Murray’s idea for Buddi was conceived when one of her children went briefly AWOL in a supermarket. It is now used by local authorities to monitor dementia sufferers, mental health patients and also has applications in the security sector – including the monitoring of young offenders here and overseas.
According to the Telegraph Buddi is one of four companies being consider for a Ministry of Justice deal to supply the technology on a system which tracks ex-offenders.
With an Odey representative joining Buddi’s board, Murray will have another figure to challenge, persuade and reassure alongside the likes of Sir Nigel Rudd, the chairman of Invensys.
She says: “Investors often have very little commercial experience but may have learnt some general business principals, one of which is focus.
“So as soon as I say we should do this and this they start to worry and panic [but] I continually have discussions to explain that we are focused.”

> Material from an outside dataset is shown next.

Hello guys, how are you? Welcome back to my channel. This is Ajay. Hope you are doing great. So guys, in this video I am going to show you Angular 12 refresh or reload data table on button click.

Such discussions may be triggered by shifts into new territories or towards new applications for the Buddi system. The global potential of the firm looks to be huge, though, with Murray eyeing growth in a number of markets. “The US market is like the UK health market, in that it’s particularly underserved.” Of particular interest to Murray – alongside Buddi’s security applications – is demand in the US for the ability to monitor vulnerable senior members of society.

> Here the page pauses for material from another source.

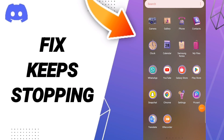Hello everybody, today we will talk about how to fix or how to solve your Discord app. If you don't know how to fix it, you should just go to Settings.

“Over age of 60, 30% of people have a fall every year and if you ask anyone in that age group, are you concerned about falls and the answer is no - it’s not until they are in hospital that they start thinking about it.”
In the US they are presented with technology [that does this] by Philips but we’ve done a partnership with a company that outsells Philips two to one in America.
“We are looking at whole of western Europe, Canada and Asia at some point not the next 12 months.”
Murray does take the advice of her advisory board seriously, however, and is a keen champion of the chairman’s role – even for companies with a handful of staff.
“I always have a chairman even when I’ve only got two or three people. There’s just something about having someone that looks at the business in a completely different way. It’s also hugely valuable to have an advisory board – a group of people that you don’t have to give very much to who just enjoy being part of being involved.
“In return you get really different advice that you can’t get all from one person.
“Sometime you are making decisions where you are thinking this is either going to be Harvard Business case or this is going to destroy the company and I don’t know which it is before I’ve done it and embarked on a decision. Ask lots of people and hopefully you’ll minimise your chances of it going wrong.”
Turning back to the national business agenda, Murray calls for more encouragement for women in the engineering sector.
“I left school without having ever heard the word engineer. I never understood what an engine looked like. I fly a helicopter now but I don’t even know how to open the bonnet of my car which is ridiculous,” she says.